### [EXERCISE INSTRUCTIONS]
Your answer must be the lines from the one containing "CentreStack clients - distribution" through the last line of the records below, copied exactly, with the pictures left out.

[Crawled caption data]
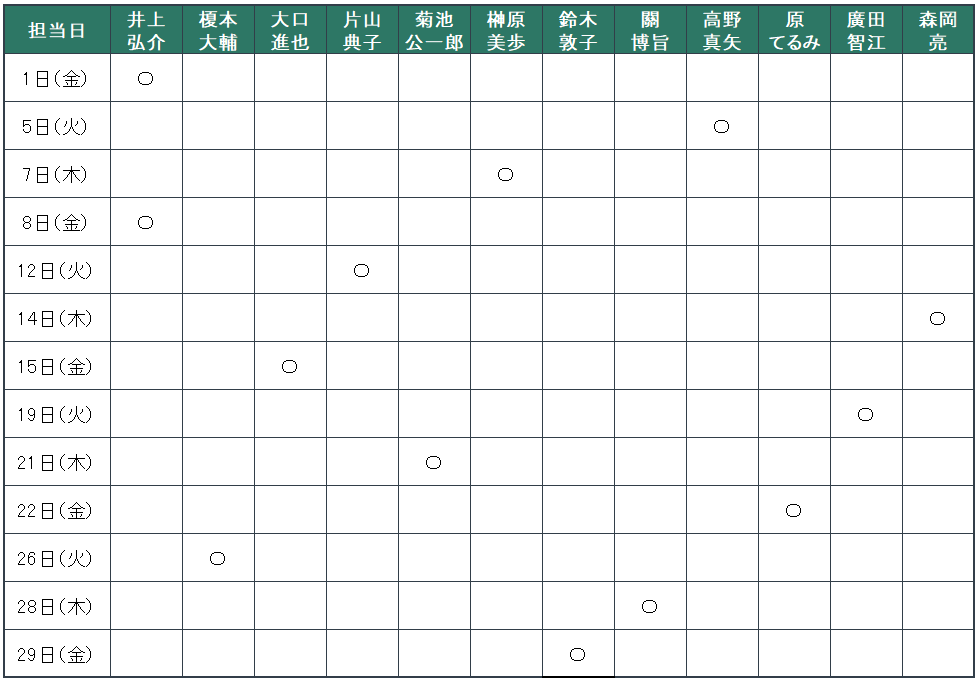 8月担当日：1日（金）井上　弘介、5日（火）高野　真矢、7日（木）榊原　美歩、8日（金）井上　弘介、12日（火）片山　典子、14日（木）森岡　亮、15日（金）大口　進也、19日（火）廣田　智江、21日（木）菊池　公一郎、2日（金）原　てるみ、26日（火）榎本　大輔、28日（木）關　博旨。29日（金）鈴木　敦子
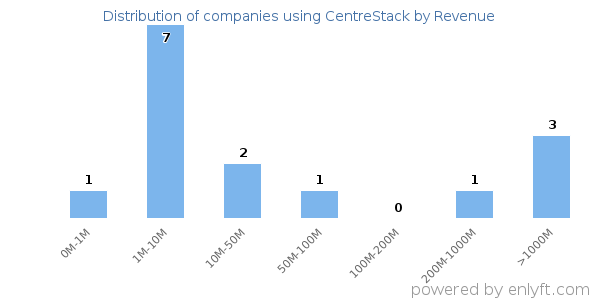 CentreStack clients - distribution by company revenue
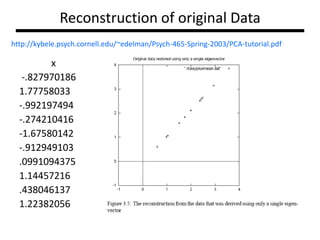 Reconstruction of original Data
http://kybele.psych.cornell.edu/~edelman/Psych-465-Spring-2003/PCA-tutorial.pdf

x
-.827970186
1.77758033
-.992197494
-.274210416
-1.67580142
-.912949103
.0991094375
1.14457216
.438046137
1.22382056

 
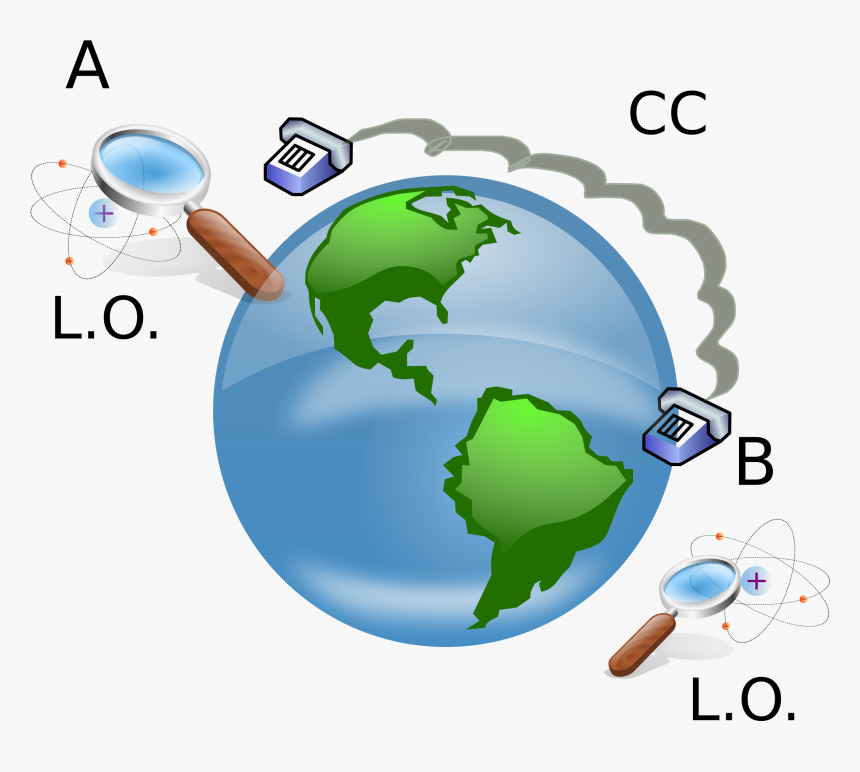 Local Operations And Classical Communication Clip Arts - Globe Clip Art, HD Png Download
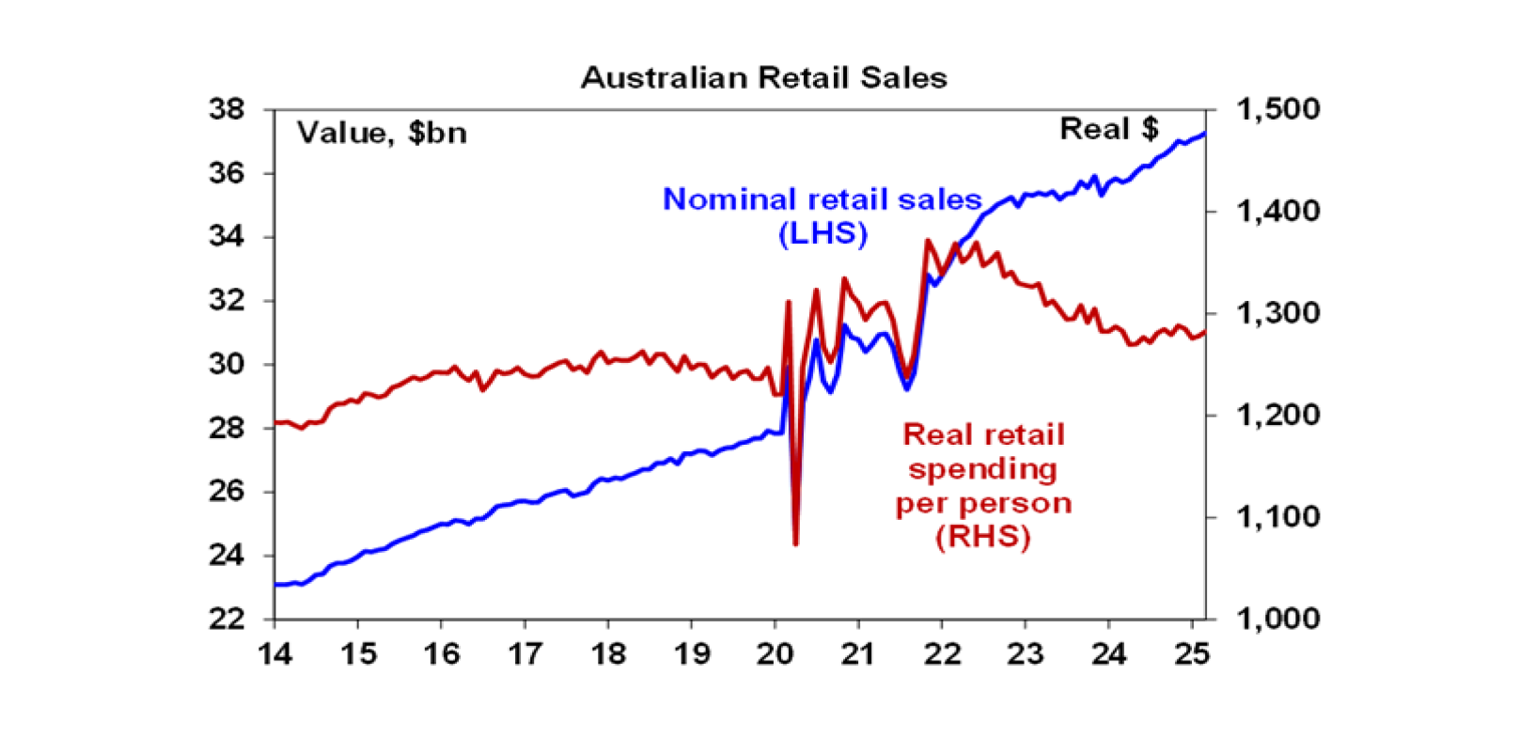 Australia Retails Sales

### [ANSWER]
 CentreStack clients - distribution by company revenue
 Reconstruction of original Data
http://kybele.psych.cornell.edu/~edelman/Psych-465-Spring-2003/PCA-tutorial.pdf

x
-.827970186
1.77758033
-.992197494
-.274210416
-1.67580142
-.912949103
.0991094375
1.14457216
.438046137
1.22382056

 
 Local Operations And Classical Communication Clip Arts - Globe Clip Art, HD Png Download
 Australia Retails Sales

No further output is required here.